_REQUIREMENT_: Beginning with the first line of the data below, reproduce every line unchanged, ending with the line that holds "Oyo 747 Cipunegara".

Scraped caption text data
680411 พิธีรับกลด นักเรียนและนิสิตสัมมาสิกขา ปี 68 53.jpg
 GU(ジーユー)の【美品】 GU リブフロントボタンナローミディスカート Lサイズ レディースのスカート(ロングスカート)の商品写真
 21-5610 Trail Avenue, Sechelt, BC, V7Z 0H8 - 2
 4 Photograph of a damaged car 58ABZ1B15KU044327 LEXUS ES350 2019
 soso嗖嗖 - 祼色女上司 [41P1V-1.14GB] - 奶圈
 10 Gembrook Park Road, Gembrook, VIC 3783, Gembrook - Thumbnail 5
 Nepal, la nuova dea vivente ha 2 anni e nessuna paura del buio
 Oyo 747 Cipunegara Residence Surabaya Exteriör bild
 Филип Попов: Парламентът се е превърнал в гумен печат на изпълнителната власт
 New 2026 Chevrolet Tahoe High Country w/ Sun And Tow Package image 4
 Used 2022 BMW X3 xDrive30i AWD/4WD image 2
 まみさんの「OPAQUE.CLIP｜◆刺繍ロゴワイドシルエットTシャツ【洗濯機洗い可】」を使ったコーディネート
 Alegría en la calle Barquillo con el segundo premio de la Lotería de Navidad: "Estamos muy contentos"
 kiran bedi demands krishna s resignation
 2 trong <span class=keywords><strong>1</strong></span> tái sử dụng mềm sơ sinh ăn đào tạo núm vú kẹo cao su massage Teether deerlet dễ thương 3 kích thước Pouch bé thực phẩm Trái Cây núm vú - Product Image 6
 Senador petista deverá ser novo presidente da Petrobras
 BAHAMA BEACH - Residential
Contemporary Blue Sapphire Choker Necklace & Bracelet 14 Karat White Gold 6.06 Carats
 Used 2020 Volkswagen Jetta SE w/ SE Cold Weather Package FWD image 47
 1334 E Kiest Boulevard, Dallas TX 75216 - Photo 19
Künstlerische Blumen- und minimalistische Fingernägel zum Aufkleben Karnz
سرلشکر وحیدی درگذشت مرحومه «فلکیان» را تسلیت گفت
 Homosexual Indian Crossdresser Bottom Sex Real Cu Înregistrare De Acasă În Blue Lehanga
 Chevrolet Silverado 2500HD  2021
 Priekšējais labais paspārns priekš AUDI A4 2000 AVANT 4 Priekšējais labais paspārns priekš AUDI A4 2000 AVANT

_EXERCISE OUTPUT_:
680411 พิธีรับกลด นักเรียนและนิสิตสัมมาสิกขา ปี 68 53.jpg
 GU(ジーユー)の【美品】 GU リブフロントボタンナローミディスカート Lサイズ レディースのスカート(ロングスカート)の商品写真
 21-5610 Trail Avenue, Sechelt, BC, V7Z 0H8 - 2
 4 Photograph of a damaged car 58ABZ1B15KU044327 LEXUS ES350 2019
 soso嗖嗖 - 祼色女上司 [41P1V-1.14GB] - 奶圈
 10 Gembrook Park Road, Gembrook, VIC 3783, Gembrook - Thumbnail 5
 Nepal, la nuova dea vivente ha 2 anni e nessuna paura del buio
 Oyo 747 Cipunegara Residence Surabaya Exteriör bild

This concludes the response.